Collected material —
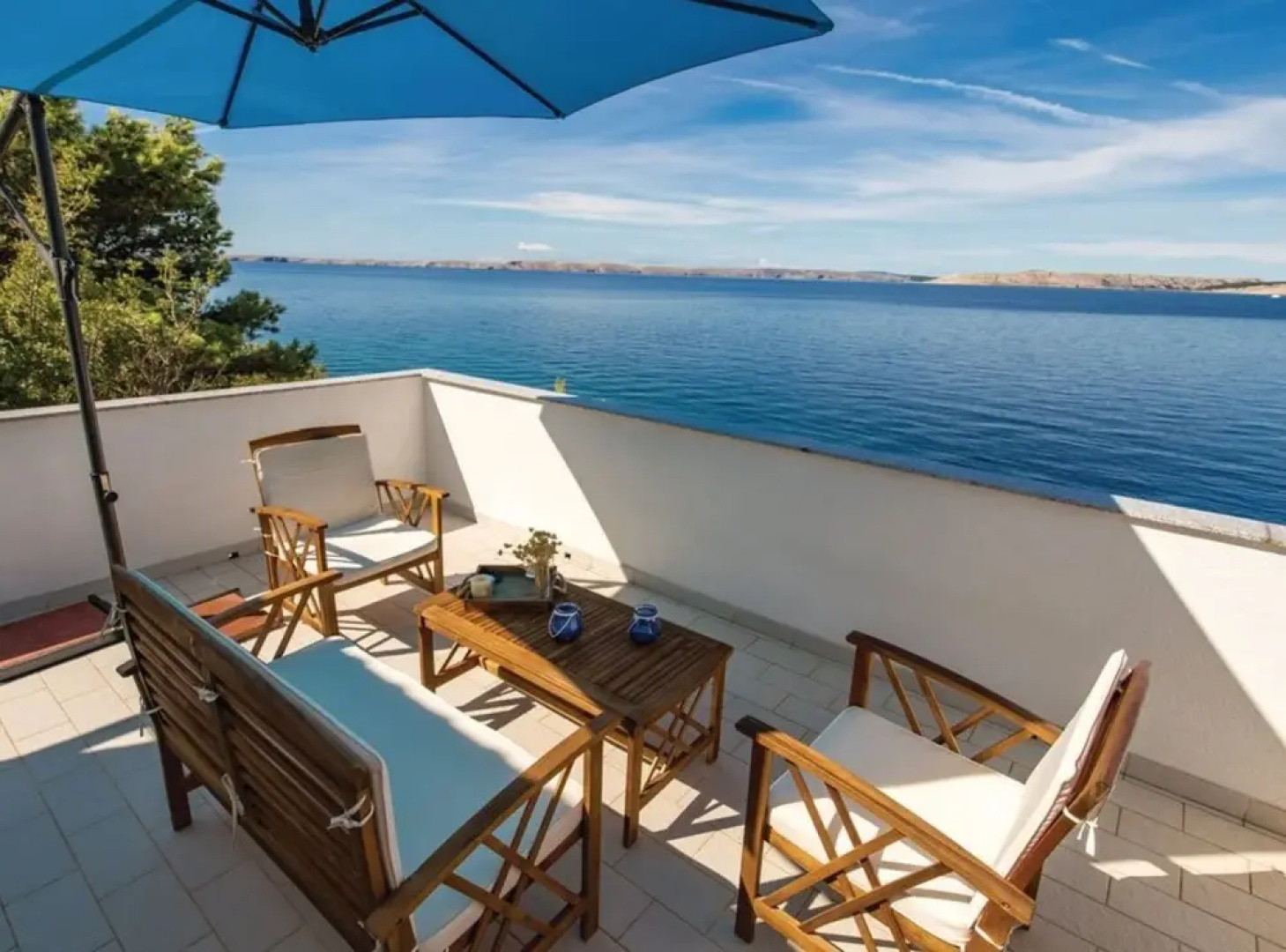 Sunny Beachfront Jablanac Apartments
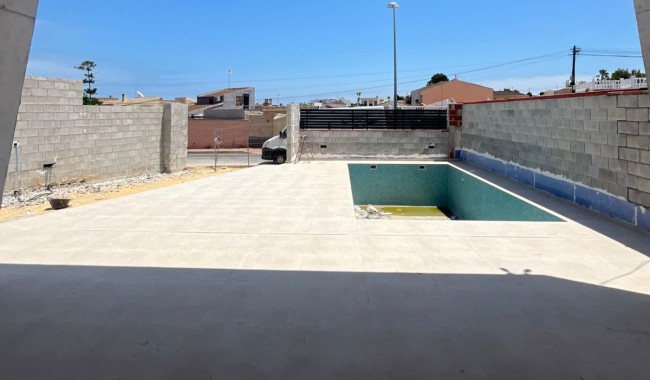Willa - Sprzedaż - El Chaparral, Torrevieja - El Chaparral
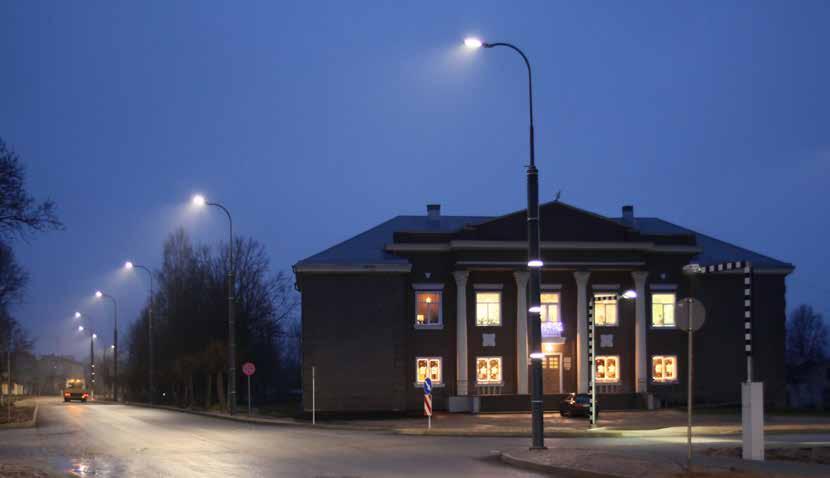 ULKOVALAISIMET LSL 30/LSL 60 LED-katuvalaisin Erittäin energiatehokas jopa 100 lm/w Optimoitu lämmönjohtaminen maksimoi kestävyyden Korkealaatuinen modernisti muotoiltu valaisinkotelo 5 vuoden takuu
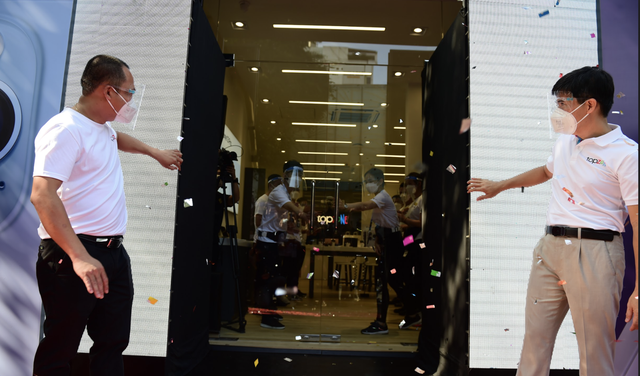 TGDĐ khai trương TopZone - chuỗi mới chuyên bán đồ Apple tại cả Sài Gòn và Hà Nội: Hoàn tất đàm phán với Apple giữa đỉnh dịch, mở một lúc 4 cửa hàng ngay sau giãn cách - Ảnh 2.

Task to carry out —
Output, exactly as written, only the lines from the beginning of the listing through the line containing "ULKOVALAISIMET LSL 30/LSL", both included, and no pictures.

Written solution —
 Sunny Beachfront Jablanac Apartments
Willa - Sprzedaż - El Chaparral, Torrevieja - El Chaparral
 ULKOVALAISIMET LSL 30/LSL 60 LED-katuvalaisin Erittäin energiatehokas jopa 100 lm/w Optimoitu lämmönjohtaminen maksimoi kestävyyden Korkealaatuinen modernisti muotoiltu valaisinkotelo 5 vuoden takuu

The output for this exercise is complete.